Bank of Canada Governor Tiff Macklem told parliament he expects the Federal Reserve’s culture and conduct to continue unchanged under its incoming chairman, dismissing concerns about Fed independence post-Powell.
Macklem was speaking Monday afternoon Canada time.
Summary:
- Bank of Canada Governor Tiff Macklem said he believes the culture and conduct of the US Federal Reserve will continue as it has historically, per his testimony to the House of Commons on Monday
- Macklem made the remarks in response to parliamentary questions about the risk of the Fed losing its institutional independence as Chairman Jerome Powell’s term approaches its end on May 15, according to his testimony
- The Bank of Canada governor expressed confidence in the continuity of the Fed’s institutional character through the leadership transition, per the House of Commons testimony
Bank of Canada Governor Tiff Macklem has moved to calm concerns about the future of Federal Reserve independence, telling parliament on Monday that he expects the central bank’s culture and conduct to remain intact through the leadership transition that will follow Jerome Powell’s departure as chairman on May 15.

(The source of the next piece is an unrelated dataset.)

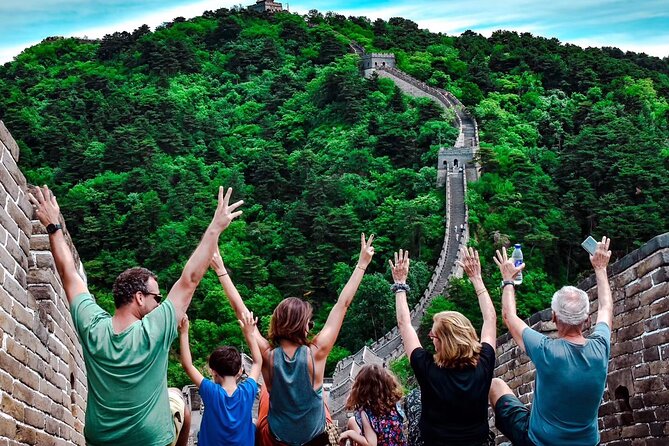 All-Inclusive Beijing Private Tour: Great Wall & Forbidden City - Mutianyu Great Wall: two hours above the Beijing plain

Appearing before the House of Commons, Macklem was asked directly about the risk that the Fed could lose its institutional independence under its incoming leadership, a concern that has gained traction in financial markets and policy circles as the end of Powell’s term approaches and speculation about his successor’s relationship with the White House intensifies. Macklem’s response was unambiguous: he believes the Fed’s culture and comportment will continue as they have in the past.
The remarks carry weight beyond their brevity. As governor of one of the world’s most closely watched central banks and the steward of an economy deeply intertwined with that of the United States, Macklem is among the most credible external voices on the question of Fed institutional integrity. His willingness to offer a public and positive assessment of the Fed’s likely trajectory is a form of peer endorsement that markets will register, even if the underlying uncertainty about the incoming chair’s independence from political pressure has not been resolved.
The question of Fed independence has become increasingly pointed as Powell’s May 15 end date approaches. Powell has been a consistent and at times publicly combative defender of the central bank’s autonomy, and his departure opens the possibility, in the minds of some market participants, of a successor more inclined to accommodate political pressure on rate settings. In an environment already complicated by Middle East-driven inflation, a Fed perceived as less than fully independent would represent a significant additional source of instability for rate and currency markets globally.
Macklem’s testimony does not resolve those questions, but it signals that Canada’s central bank is not building a Fed independence breakdown into its working assumptions, a baseline assessment that will inform how the Bank of Canada thinks about the cross-border rate and currency dynamics that matter enormously for the Canadian economy.